Main Conference Sessions
End-to-End e-Science: Integrating Workﬂow, Query, Visualization, and Provenance at an Ocean Observatory
- Bill Howe, Oregon Health and Science University
- Peter Lawson, National Marine Fisheries Service
- Renee Bellinger, Oregon State University
- Erik Anderson, University of Utah
- Emanuele Santos, University of Utah
- Juliana Freire, University of Utah
- Carlos Scheidegger, University of Utah
- Antonio Baptista, Oregon Health and Science University
- Claudio Silva, University of Utah
Computing has been an enormous accelerator to science and has led to an information explosion in many different fields. To analyze and understand scientific data, complex computational processes must be assembled, often requiring the combination of loosely-coupled resources, specialized libraries, and Grid and Web services. The heterogeneity of data sources, analysis techniques, data products, and user communities make it difficult to design a system that is flexible enough to accommodate broad requirements but specialized enough to be of daily use to scientists, policy makers, students, and the general public. Databases, workflow systems, and visualization tools each offer useful features but are individually incomplete solutions.

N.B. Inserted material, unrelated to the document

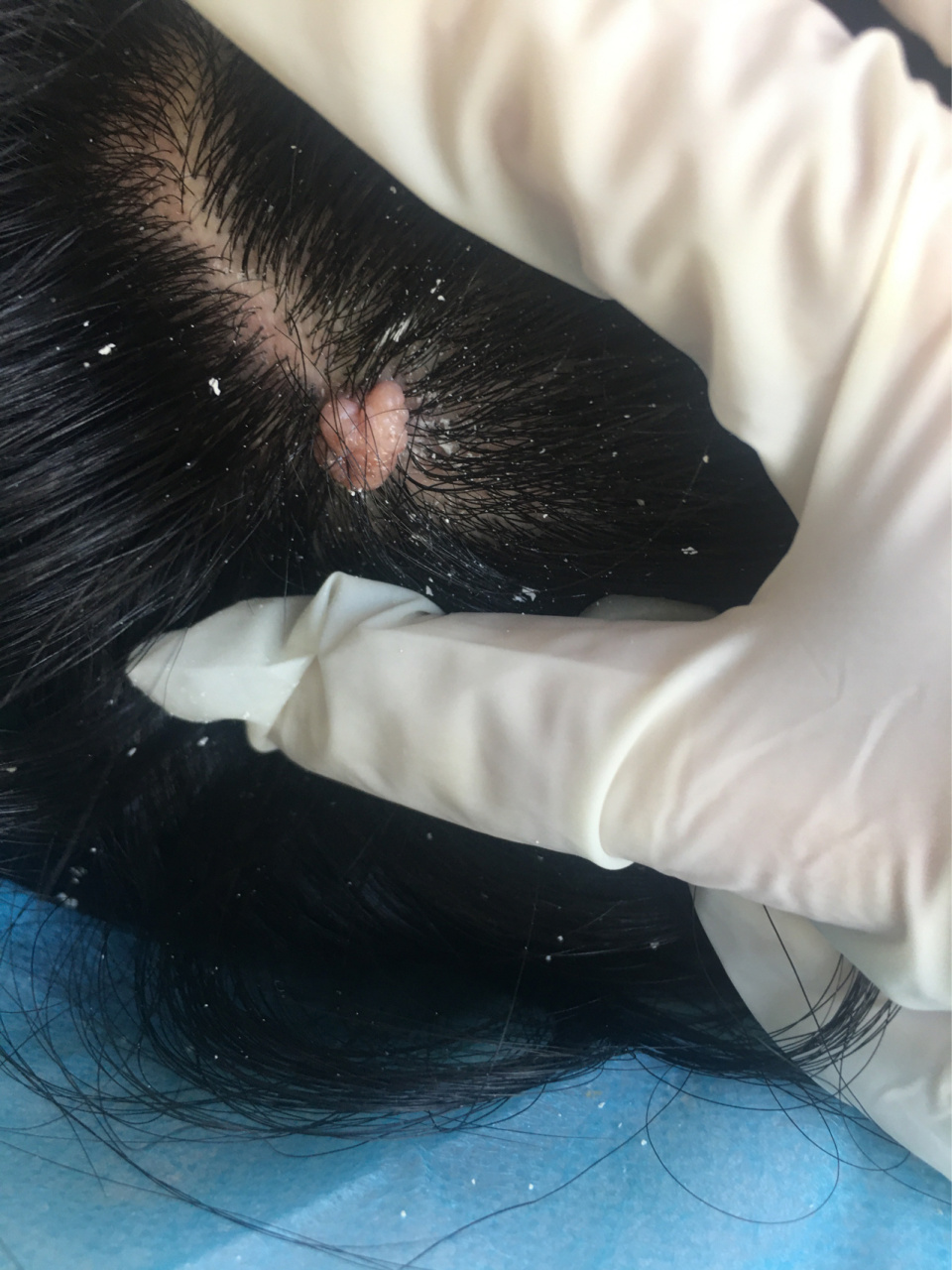 菜花疣 头皮部的疣,最早从外观上看可能就是皮赘样的小突起,但由于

Databases provide algebraic optimization and physical data independence, but offer poor support for complex data types (meshes, multidimensional arrays) and are change-intolerant. Workflow systems are flexible, but even skilled programmers have trouble operating them effectively. Visualization tools overwhelm novice users with an enormous parameter space and are typically optimized for "throwing" datasets through the graphics pipeline rather than general data manipulation.
In this paper, we argue that typical data analysis tasks at an ocean observatory require techniques from all three tools, sometimes domain-specialized. To support these tasks, we describe a platform developed as part of a collaborative cyberinfrastructure at the NSF Science and Technology Center for Coastal Margin Observation and Prediction (CMOP) integrating a provenance-aware workflow system, 3D visualization capabilities, and a remote query engine for large-scale ocean circulation models, in addition to access routines for local files and Web services. We conclude that data management solutions for e-Science require this kind of holistic approach and recommend a broader, application-oriented research agenda for the e-Science community.
Date and Time
Thursday, December 11, 10 a.m. to 10:30 a.m.